**WHAT YOU SHOULD DO**
The entries below contain pictures. Retype everything except those pictures, exactly as given.

**EXTRACTED RECORDS**
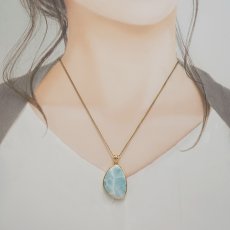 画像6: ラリマー ペンダントトップ SV925 ゴールド シルバー ドミニカ産 覆輪【一点もの】Larimar ブルーペクトライト フクリン 天然石 パワーストーン カラーストーン (6)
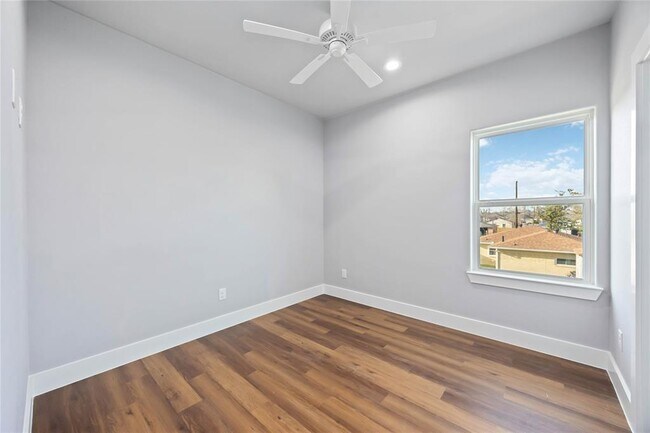 Building Photo - 6710 Letcher St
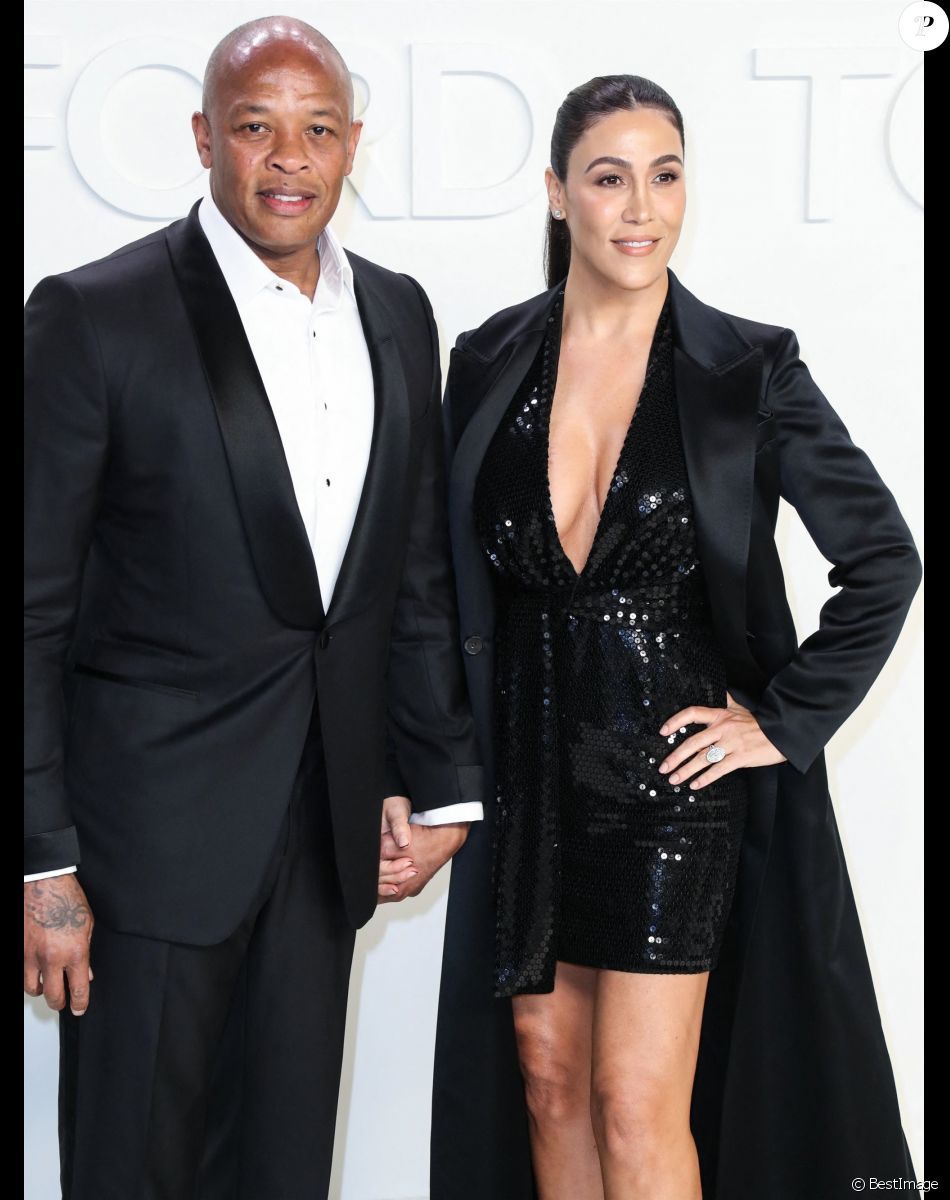 Dr. Dre et Nicole Young posent avant d'assister au défilé Tom Ford: Autumn/Winter 2020 aux Milk Studios dans le quartier de Hollywood à Los Angeles, le 7 février 2020.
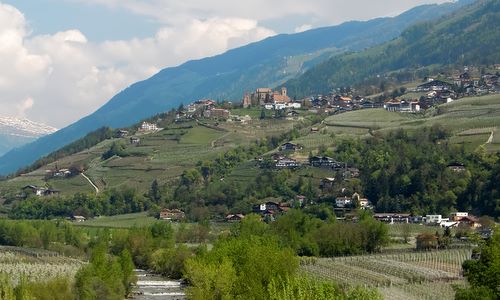 Schenna (Scena), near Meran (Merano), South Tyrol, Italy (Copyright © 2010 Hendrik Böttger / runinternational.eu)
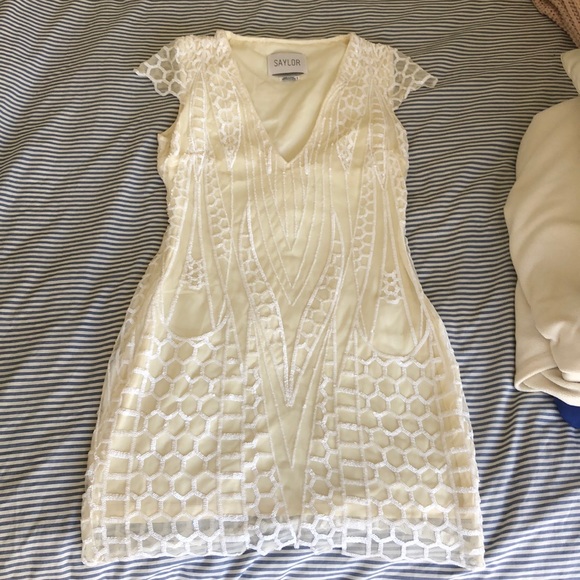 Off white/cream dress - Picture 1 of 3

**SOLUTION BELOW**
 画像6: ラリマー ペンダントトップ SV925 ゴールド シルバー ドミニカ産 覆輪【一点もの】Larimar ブルーペクトライト フクリン 天然石 パワーストーン カラーストーン (6)
 Building Photo - 6710 Letcher St
 Dr. Dre et Nicole Young posent avant d'assister au défilé Tom Ford: Autumn/Winter 2020 aux Milk Studios dans le quartier de Hollywood à Los Angeles, le 7 février 2020.
 Schenna (Scena), near Meran (Merano), South Tyrol, Italy (Copyright © 2010 Hendrik Böttger / runinternational.eu)
 Off white/cream dress - Picture 1 of 3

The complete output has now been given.